What are the requirements vis-a-vis the two processes? Do they need to be separate processes? Do they have to run on separate machines? Separate userids? Why have you chosen two processes for your approach, and what constraints are there? — aghast, Apr 10 '17 at 23:18
can't you structure things so the abaqus process is main, and call the other as a subprocess? — agentp, Apr 11 '17 at 00:49
Probably better actually to have the "main" process be a `python 3.x` environment, and have it call `"abaqus python aq_script.py"` for example which reads and pickles `abaqus` data. And then another output script back to `abaqus` called the same way after pickling again. It's slow, but if you need `scipy` or `tensorflow` etc it'll stil be faster than implementing in abaqus's ancient `numpy` implementation — Daniel F, Apr 11 '17 at 12:56
@AustinHastings: both processes need to be separate and are running on the same machine. My 'main script' has to run on my main python engine since it does not need to start abaqus in every case. This way, abaqus is just a part of the program which is accessed whenever needed. — mooisjken, Apr 11 '17 at 23:06
@agentp: abaqus is called as a subprocess from within my main script: `subprocess.call('abaqus cae script = test.py',shell=True)`. This outputs a message that the abaqus license server has been started and opens the abaqus program with the given script. I need a way to communicate with this script from my main script. Structuring it the other way around is not logical as my previous answer pointed out. — mooisjken, Apr 11 '17 at 23:10
@DanielForsman: avoiding abaqus's ancient `numpy` is indeed one of the benefits of having both separate programs running. I am right in thinking that your solution aligns with my current workaround? And how can I make Abaqus more efficient in receiving the signal, instead of tirelessly checking for a change in a pickled file? — mooisjken, Apr 11 '17 at 23:15
@Rightleg: during my search on the web, I came across sockets, but did not understand really well how the capabilities could be leveraged in my problem. Probably this is because I am not familiar with this concept and it is hard to understand. Basically I need some sort of communication line between both processes. Conceptually speaking, this communication line can be setup in my main script, and its details can be given to abaqus when the `subprocess.call` is executed. I do not have an idea how to make this work in practice. — mooisjken, Apr 11 '17 at 23:20
@mooisjken There might be more efficient ways than using sockets to solve your problem, but this is IMO the easiest solution to implement. Basically, you make your two applications communicate over the localhost. You'd need to design a protocol in a more complex situation, but in Python, you can easily send (and parse when receiving) a string, which make is easy to understand. Say you want to run the operation 5 with the parameters 11 and 32.7: send `"operation:5; parameters:(11, 32.7)"` from your main script to your worker. There are plenty of code examples on the web for socket programming. — Right leg, Apr 12 '17 at 09:01

aghast · Accepted Answer · 2017-04-12T01:35:44.153

Edit:

Like @MattP, I'll add this statement of my understanding:

Background

I believe that you are running a product called abaqus. The abaqus product includes a linked-in python interpreter that you can access somehow (possibly by running abaqus python foo.py on the command line).
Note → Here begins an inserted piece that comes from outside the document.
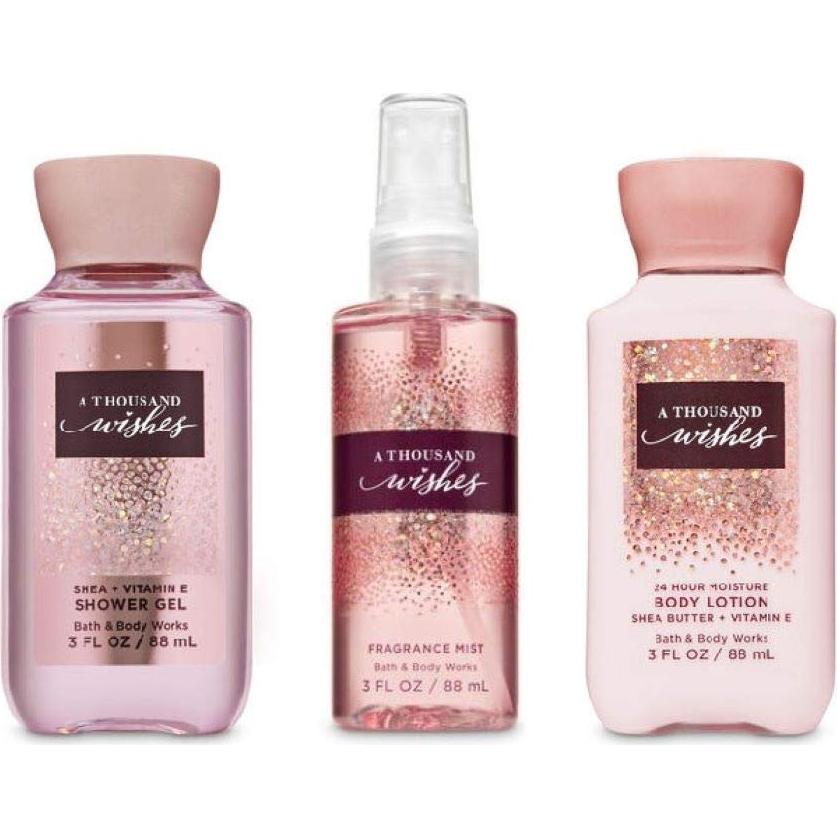 Set de Viaje Mil Deseos 2019 - Gel de Ducha y Loción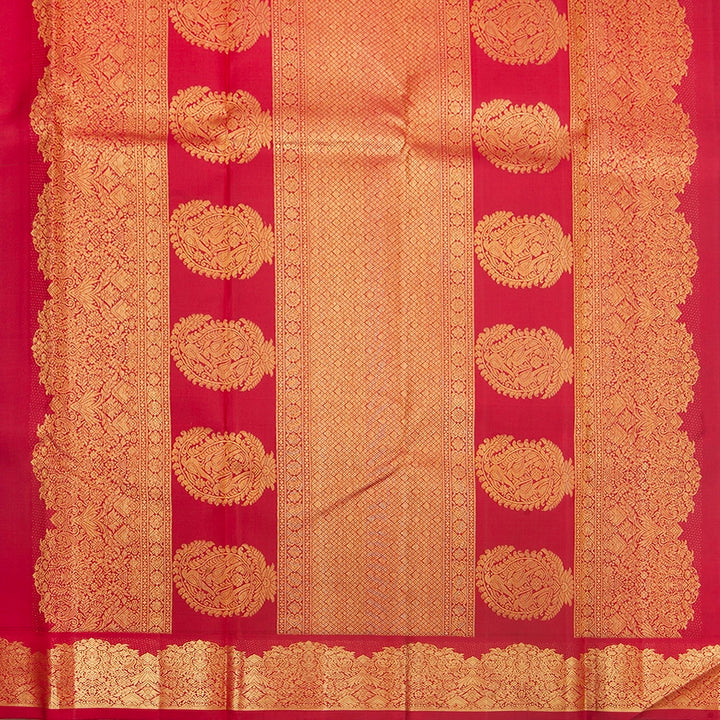 Hayagrivas Handloom Mayilkazhuthu Kanjivaram Silk Saree with Multicolour Border KBF332E7-1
You also have a separate python installation, on the same machine. You are developing code, possibly including numpy/scipy, to run on that python installation.

These two installations are different: they have different binary interpreters, different libraries, different install paths, etc. But they live on the same physical host.

Your objective is to enable the "plain python" programs, written by you, to communicate with one or more scripts running in the "Abaqus python" environment, so that those scripts can perform work inside the Abaqus system, and return results.

Solution

Here is a socket based solution. There are two parts, abqlistener.py and abqclient.py. This approach has the advantage that it uses a well-defined mechanism for "waiting for work." No polling of files, etc. And it is a "hard" API. You can connect to a listener process from a process on the same machine, running the same version of python, or from a different machine, or from a different version of python, or from ruby or C or perl or even COBOL. It allows you to put a real "air gap" into your system, so you can develop the two parts with minimal coupling.

The server part is abqlistener. The intent is that you would copy some of this code into your Abaqus script. The abq process would then become a server, listening for connections on a specific port number, and doing work in response. Sending back a reply, or not. Et cetera.

I am not sure if you need to do setup work for each job. If so, that would have to be part of the connection. This would just start ABQ, listen on a port (forever), and deal with requests. Any job-specific setup would have to be part of the work process. (Maybe send in a parameter string, or the name of a config file, or whatever.)

The client part is abqclient. This could be moved into a module, or just copy/pasted into your existing non-ABQ program code. Basically, you open a connection to the right host:port combination, and you're talking to the server. Send in some data, get some data back, etc.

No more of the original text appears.